◆ WHAT THE TASK REQUIRES ◆
Keep the images out and set the listing below down word for word.

====== EXERCISE DATA

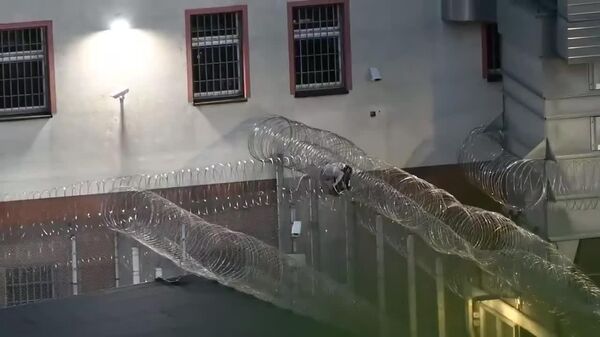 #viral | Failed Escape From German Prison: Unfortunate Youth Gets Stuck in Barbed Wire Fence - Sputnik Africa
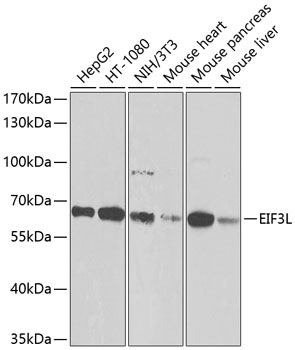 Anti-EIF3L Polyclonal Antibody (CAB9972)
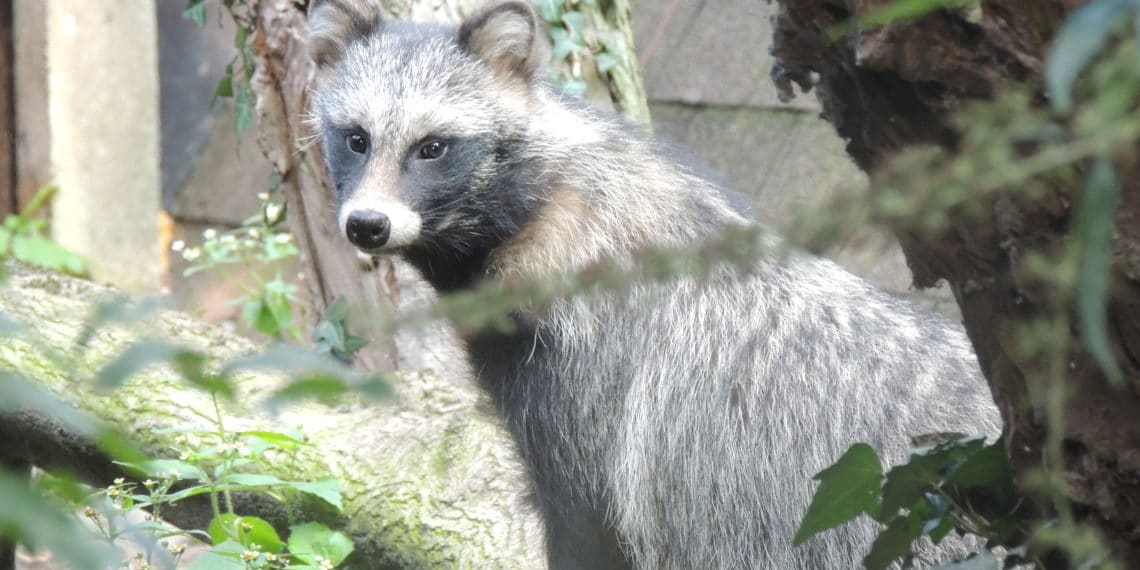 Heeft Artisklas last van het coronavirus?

============

◆ EXERCISE SOLUTION ◆
 #viral | Failed Escape From German Prison: Unfortunate Youth Gets Stuck in Barbed Wire Fence - Sputnik Africa
 Anti-EIF3L Polyclonal Antibody (CAB9972)
 Heeft Artisklas last van het coronavirus?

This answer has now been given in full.